Software Engineering — Lab 1
In this first block we'll refresh our object oriented skills by revisiting concepts such as constructors, public and private membership, interfaces and inheritance as well building GUIs using Windows Forms. Finally we'll take our first peek into the world of design patterns by implementing the iterator pattern.
Deliverables
Please follow the below folder/file structure for the handin of this block.
-
Ex1-
Encryptorizer(VS solution)
-
-
Ex2-
EncryptorizerGUI(VS solution)
-
-
Ex3-
Iterator-diagram.[png|jpg|gif|pdf]
-
-
Ex4-
PhoneBook(VS solution)
-
-
B1.zip1.1 Interfaces
The purpose of this exercise is to get up to speed, familiarize ourselves with C#, and explore the concept of programming towards interfaces.

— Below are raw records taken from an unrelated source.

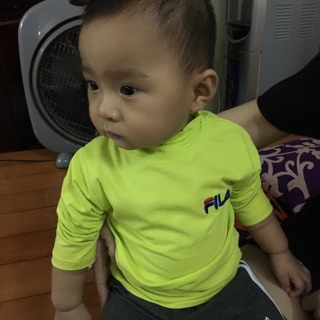 Áo cổ cao fila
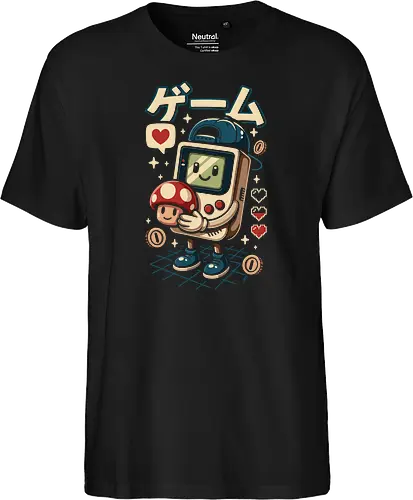 Lustiges süßes Retro-Gaming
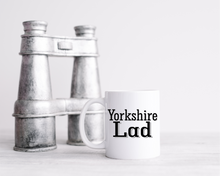 Yorkshire lad ceramic mug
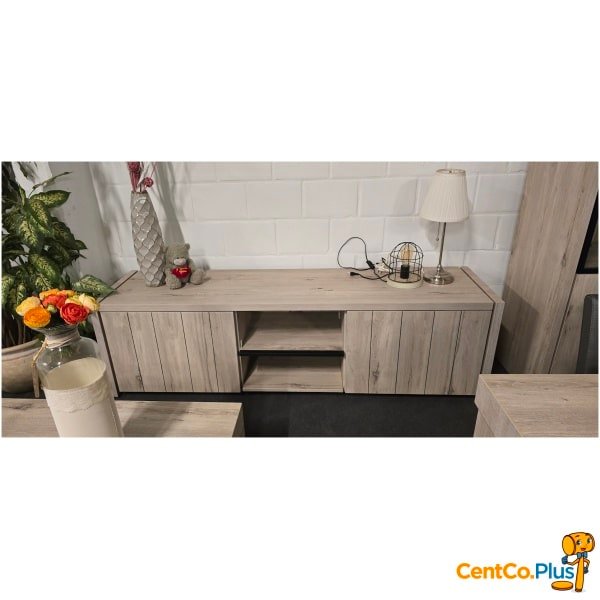 Zeer complete woonkamer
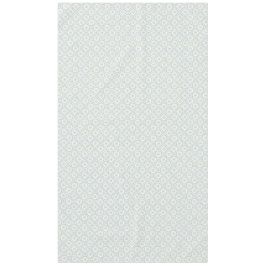 Mantel Patrón de círculos con motor azul, taupe y blanco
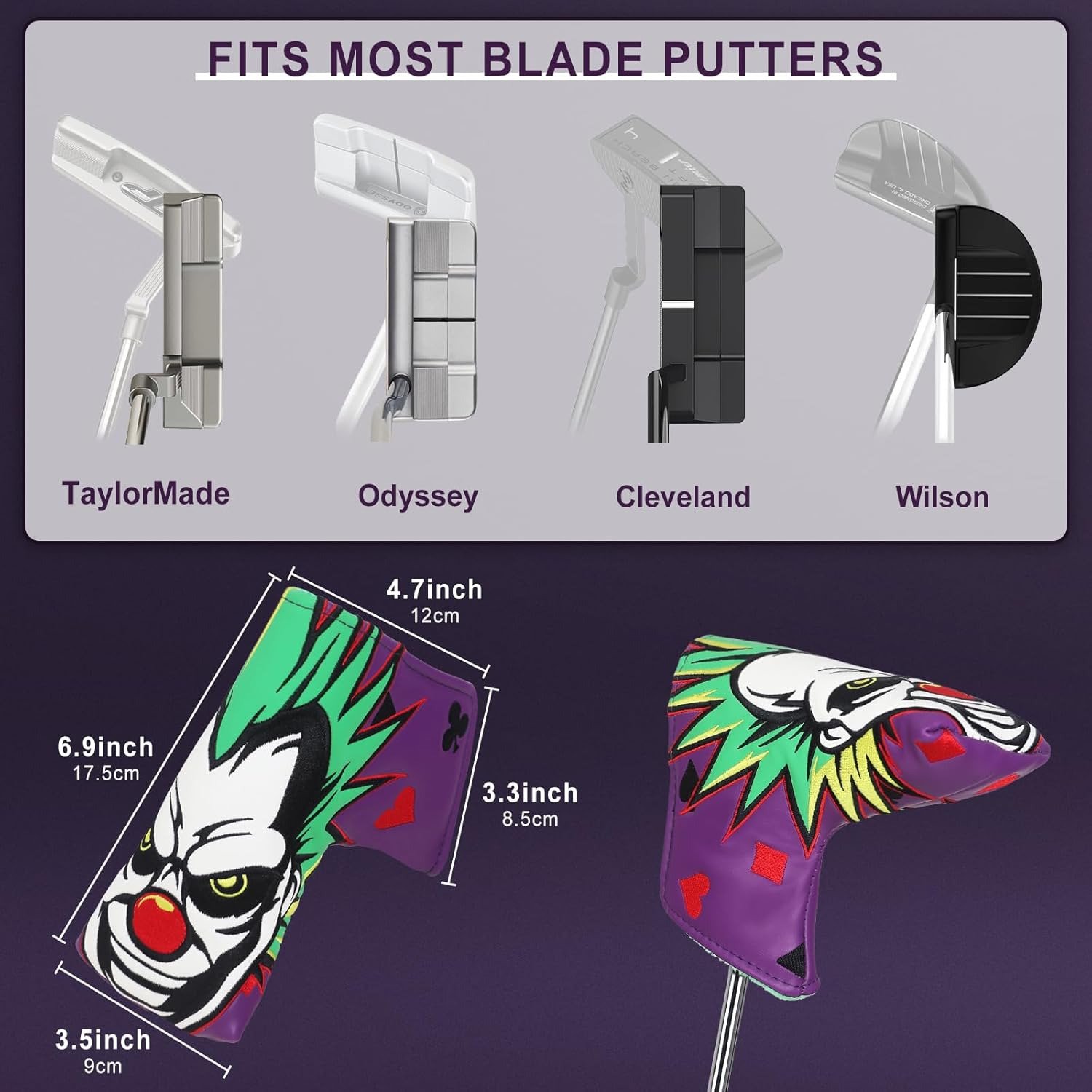 Joker Putter kryt hlavy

Consider the following scenario. You are running a company that creates encryption algorithms. All algorithms are two-way. In other words, they can encrypt strings as well as decrypt strings.
Your company is currently aiming to implement all your algorithms in C# and bundle them all as a single DLL.
To facilitate standardization you've decided to create an interface for what all classes that contain encryption algorithms should look like. See below.
interface IAlgorithm {
string Encrypt(string input);
string Decrypt(string input);
string GetName();
}Your job is now to create a class for each encryption algorithm. Each class must implement the interface properly, and must encrypt and decrypt according to specification.
I will show you how to implement the first algorithm, but you then have to implement the rest on your own.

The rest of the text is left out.